You can’t blame him for thinking everything and everyone’s for sale. He sees with his own eyes how cheaply people are bought - a hundred euro cheque, an expedited driving test, an unmerited driving licence, a phantom job, undeserved disability benefits. It’s true, some cost a bit more - two CEO jobs, direct contracts, a whole new Maltese language centre to head, government land, non-starter development permits. But ultimately they all take up the offer.  None resist too long, and when they do it’s just another part of their negotiation strategy. You just need to find the right price and they’ll sell you their soul. That’s the point of Abela’s customer care offices.  That’s why he’s got an army of customer care officers.  That’s the way our politics works, he insisted - and if anybody thinks this isn’t how our politics should work, Abela disagrees.

Abela’s politics is built on buying people. It’s an elaborate patron-client scam which benefits him, his party and his friends and exploits everybody else. And it always works.

That’s why Abela was so confident that the Sofia problem would evaporate. He was certain Sofia’s mum would back off - at the right price.

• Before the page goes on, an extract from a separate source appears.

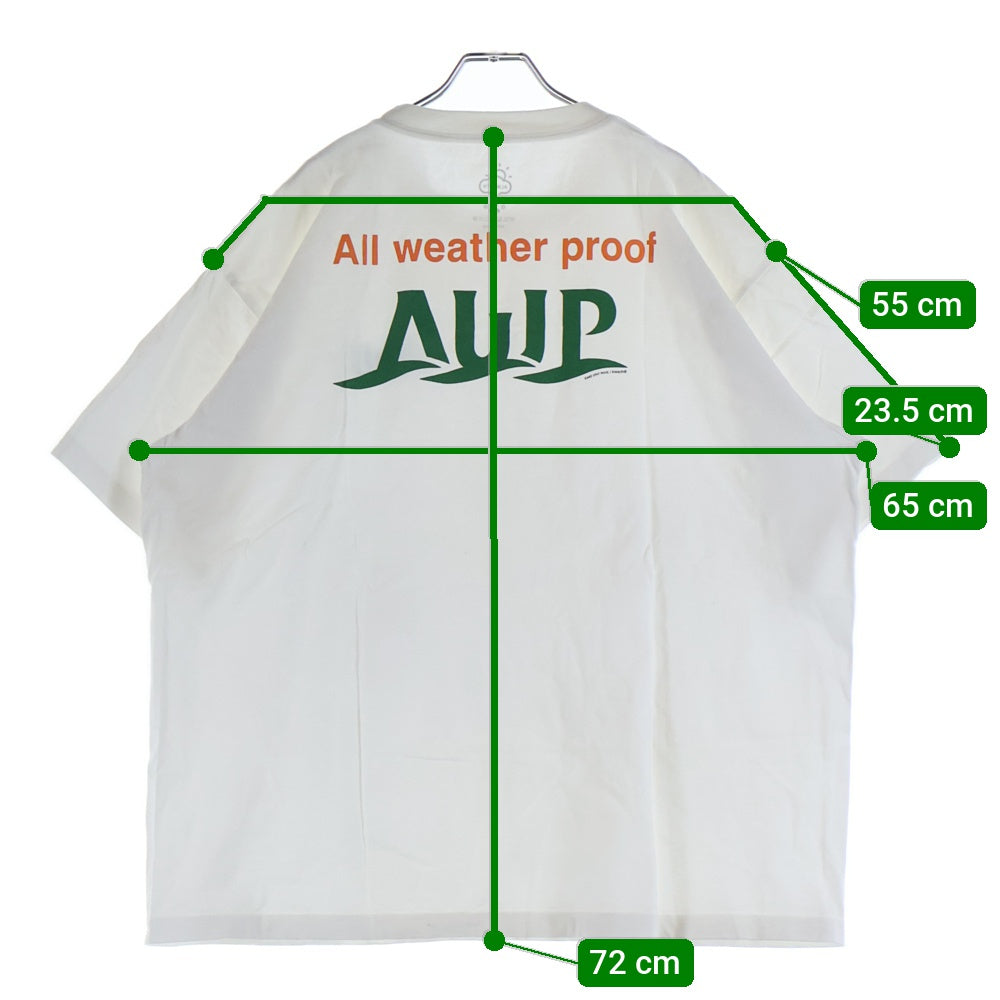 ALWAYTH(オルウェイス) バックプリント クルーネック 半袖Tシャツ カットソー ホワイト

Abela couldn’t imagine that somebody would be so stupid as to turn down good money.  Abela thinks everybody reasons like he does.

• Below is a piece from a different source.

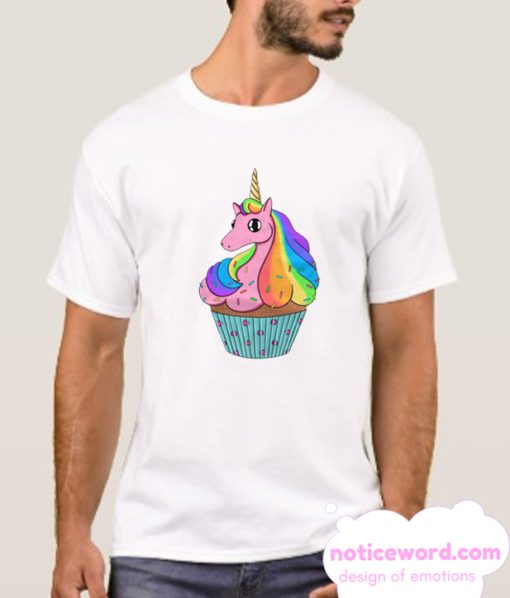 Rainbow Cupcake Unicorn smooth T Shirt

We know what drives the man - money, greed. When he was earning €17,000 per month in his plum job at the Planning Authority he had the cheek to claim tens of thousands more in overtime payment. And that wasn’t enough. He had other consultancies with several other entities - Airmalta, ARMS, and the Environment Ministry.

So blinded is he by greed that he entered into a slimy deal with Christian Borg, a man with a dodgy past, now charged with kidnapping, for just €45,000. Abela didn’t need that money. He wasn’t dying of hunger.

Christian Borg applied for a PA permit to build on a parcel of land he had no legal title to and on which Robert Abela held a promise of sale. Abela was legal consultant to the PA. Once the permit was issued for building of apartments and garages, Abela sold his rights on that land to Borg for 45,000 euro. Borg must have had some secret prior deal with Abela. Otherwise why and how could he apply for a permit on land under promise of sale to Abela? 

No wonder Abela keeps trying to evade the subject.  No wonder he got so furious when Jacob Borg asked him about it.  “It was just a small plot in Zabbar”.  No it wasn’t.  It was far more. It was a declaration of Abela’s insatiable greed.  No wonder he wanted to kill the subject when Mark Laurence Zammit raised it in his interview.

But the pampered kid was in for a big surprise. Sofia’s mother turned him down. She wasn’t going to sell out. This was her son, her only son.  This was his life. She would never, for a second, dream of betraying her own son’s memory.  A husband might betray his wife.  But a mother, her son? She couldn’t believe Abela was even trying this out with her. The disgust she must have felt at Abela’s shameless cynicism must have been overwhelming.

“How are you?”, he asked Isabelle Bonnici, putting on his charm offensive while escorting her into the parliament lift. “I am battling (“Nikkumbatti”) because I want the whole truth”, she replied boldly. She was thinking of her son’s cruel end, crushed under the rubble. Robert Abela, as is his wont, had other things on his mind “I’ll have to sign in otherwise they’ll charge me 50 euro”.